Now my fav movies are mostly "old time", such as movies inspired by Austen novels or Christian films.


----------



## aribell (Jan 7, 2012)

Glee.  They really have an agenda with that one. It started out rather tame, but they push every envelope they can...even down to a student sleeping with a teacher.  The last episode I tried to watch started with a scene where two students were told they needed to habe experienced sex to really understand West Side Story.  Okaaay...  I just started sensing that the show writers are trying to change the hearts and minds of viewers.  It's a shame though, since the show is otherwise funny and they can definitely sing.

My TV basically stays unplugged.  I've given up.

Sent from my LS670 using LS670


----------



## mizbtown2 (Jan 7, 2012)

What shows or movies do you guys watch? Have you encountered any with main characters who are Christian? I generally read more than watch tv. There are times I feel shame when watching things. Perhaps that's conviction. My students and I were talking yesterday about how the media and society make fornication and adultery seem acceptable. I was telling them how I saw a condom commercial for the first time ever (I think) the other day and had to turn because my kids were in and out the room. They gave their own examples.


----------



## Sarophina (Jan 7, 2012)

mizbtown2 said:


> What shows or movies do you guys watch? Have you encountered any with main characters who are Christian? I generally read more than watch tv. There are times I feel shame when watching things. Perhaps that's conviction. My students and I were talking yesterday about how the media and society make fornication and adultery seem acceptable. I was telling them how I saw a condom commercial for the first time ever (I think) the other day and had to turn because my kids were in and out the room. They gave their own examples.



You know what, I can't name a show where the main characters are Christian. Oh hold on, my fam was watching this one show on MTV, I think it was called "Awkward" and they had a Christian character. But, of course she was a complete hypocrite/fanatic.


----------



## Shimmie (Jan 7, 2012)

nicola.kirwan said:


> Glee.  They really have an agenda with that one. It started out rather tame, but they push every envelope they can...even down to a student sleeping with a teacher.  The last episode I tried to watch started with a scene where two students were told they needed to habe experienced sex to really understand West Side Story.  Okaaay...  I just started sensing that the show writers are trying to change the hearts and minds of viewers.  It's a shame though, since the show is otherwise funny and they can definitely sing.
> 
> My TV basically stays unplugged.  I've given up.
> 
> Sent from my LS670 using LS670



I really wanted to give this show a chance; I love the 'Arts'; music and dancing have been in my life since..... forever?   My grandparents gave me the gift of appreciating and loving music and dancing.  

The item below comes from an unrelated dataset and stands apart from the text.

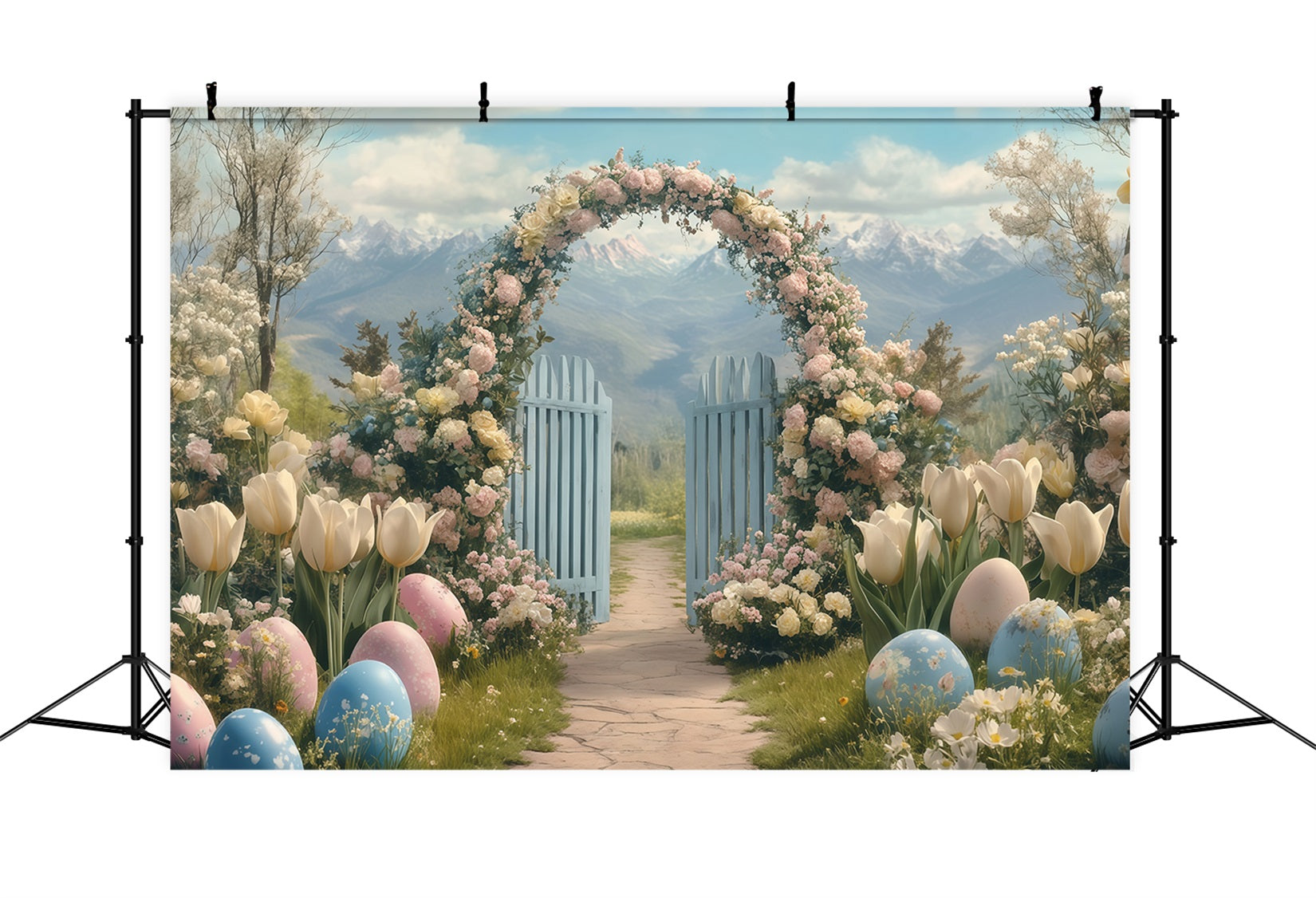 Easter Backdrop Floral Garden Bunny Display Easter Photography Backdrops UK MRR11-83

I was so impressed with the singing on the show "Glee"... very impressed.  Everyone on it has a gift and it's rich.   

But the show is defiled.   There's a gay student and they just had to build it up way beyond necessary with him kissing another guy.     

So I stopped watching.   A few months ago the show was on and I noticed that there's a man, big build, who not only dresses as a woman but there's another male teacher who has a 'crush' on him.   

I am so done with this mess... and I do mean it's a mess.


----------



## Shimmie (Jan 8, 2012)

Sarophina said:


> You know what, I can't name a show where the main characters are Christian. Oh hold on, my fam was watching this one show on MTV, I think it was called "Awkward" and they had a Christian character. But, of course she was a complete hypocrite/fanatic.



Sarophina, you are so right....   Thank you for bringing this up for it opens this discussion for an even more disheartening revelation.

The media likes to purposely 'type-cast' Christians in a negative image.   

I do like the character that 'Cassie Davis' plays on House of Payne.   It's about as close as real life that I've witnessed on any TV show whose character was a Christian.   

I don't 'agree' with the 'total' show, but Cassie is a Believer in real life; if we can get this close to reality than there's hope for getting even closer and presenting the life of Christians without any type of compromise.   I'm praying for shows that are *complete* in Christ Jesus and nothing less.   

*Here's the Revelation: *

It begins with whom we as Christians support and do not support.   So many billions of our Christian dollars are spent to uphold the world and much of it we are unaware of how this is being done.

It begins with the media that we buy into.  The clothing, food, vehicles, basically everything.   Whose 'empire' are we strengthening?   Even the Christian TV Ministries are strengthening the medias of the world's empire for it is the 'world' who currently control the airwaves via cable, internet and satellite.   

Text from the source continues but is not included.